> **EXERCISE DETAILS**
Among the lines of the listing below, retype exactly those from the one containing "Retro Guns Pistol" through the one containing "Tonymas in front of Brown College", both included. Do not include pictures.

> **EXTRACTED RECORDS**
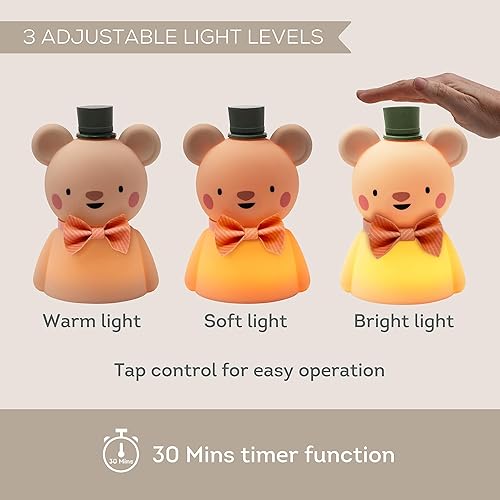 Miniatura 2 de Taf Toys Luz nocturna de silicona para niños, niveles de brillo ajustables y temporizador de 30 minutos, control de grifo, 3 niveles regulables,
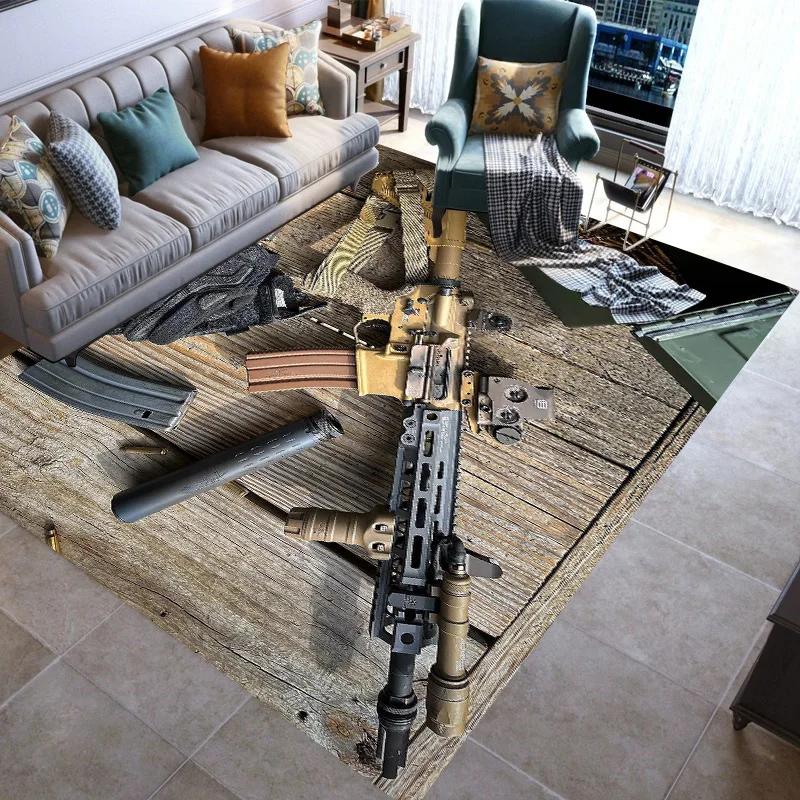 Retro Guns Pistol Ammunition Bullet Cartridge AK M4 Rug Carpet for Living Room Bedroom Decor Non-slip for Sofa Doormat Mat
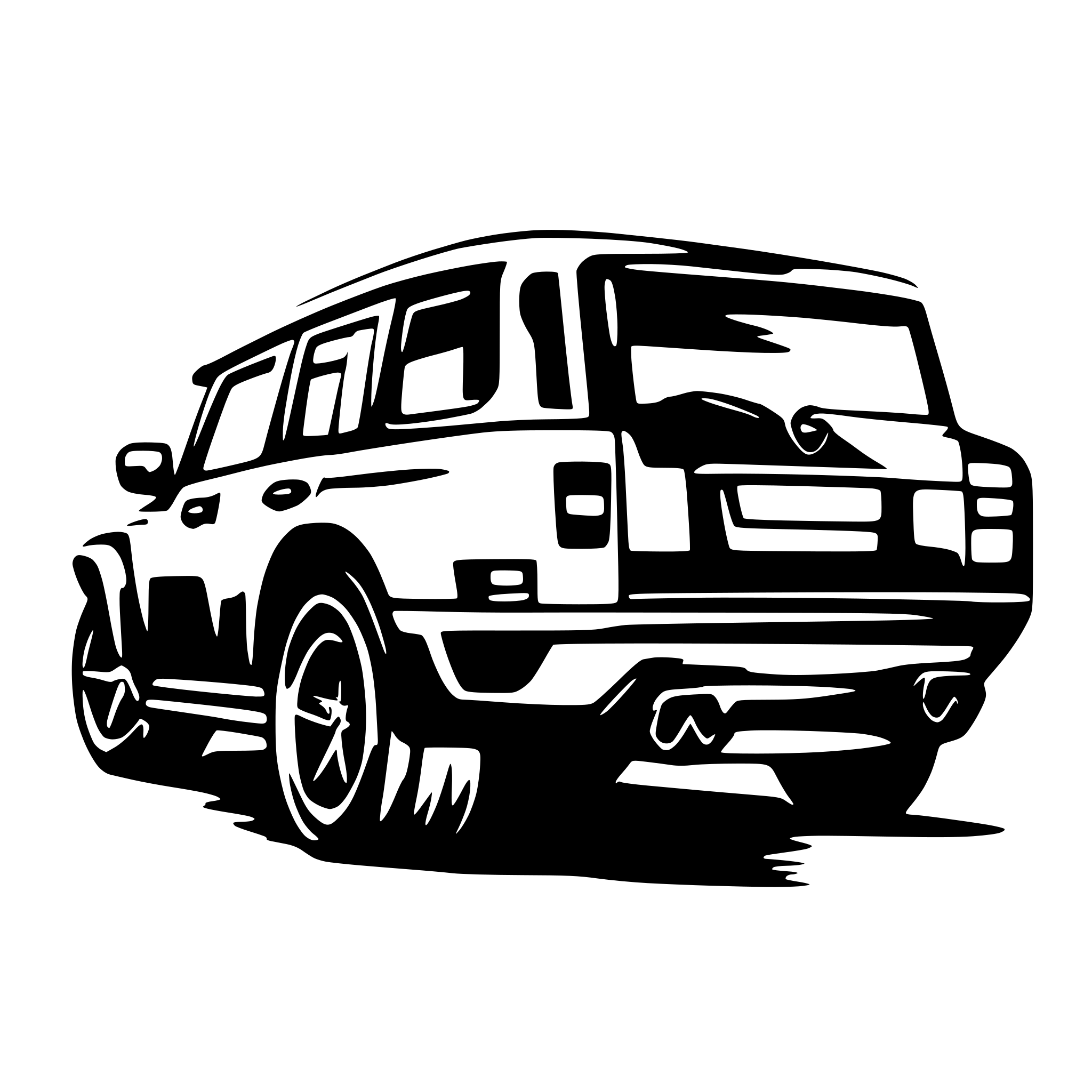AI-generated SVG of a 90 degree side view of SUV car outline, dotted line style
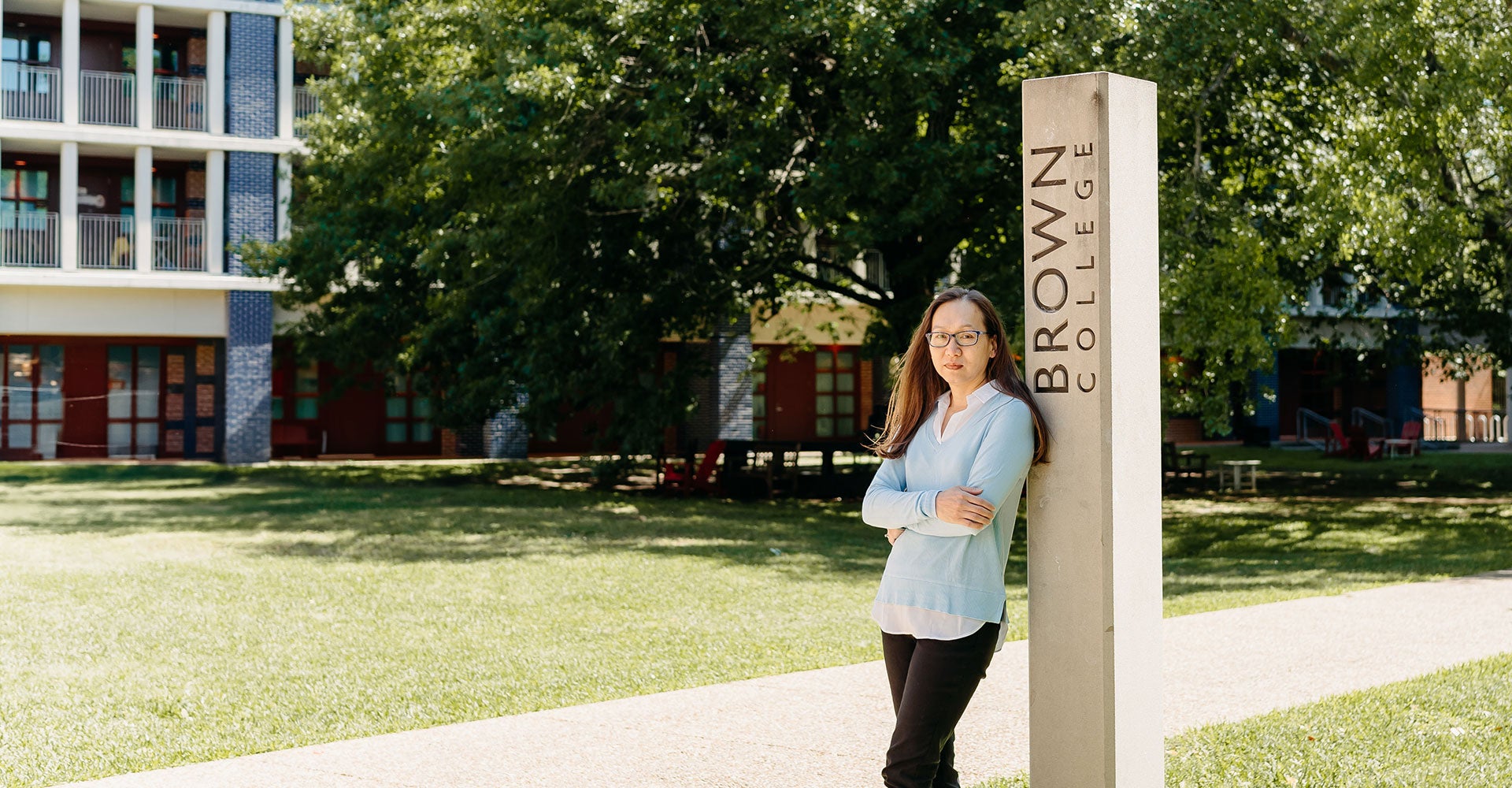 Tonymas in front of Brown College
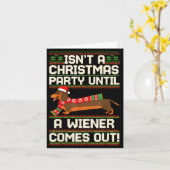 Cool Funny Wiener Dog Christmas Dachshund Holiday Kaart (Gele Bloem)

> **PROBLEM SOLUTION**
 Retro Guns Pistol Ammunition Bullet Cartridge AK M4 Rug Carpet for Living Room Bedroom Decor Non-slip for Sofa Doormat Mat
AI-generated SVG of a 90 degree side view of SUV car outline, dotted line style
 Tonymas in front of Brown College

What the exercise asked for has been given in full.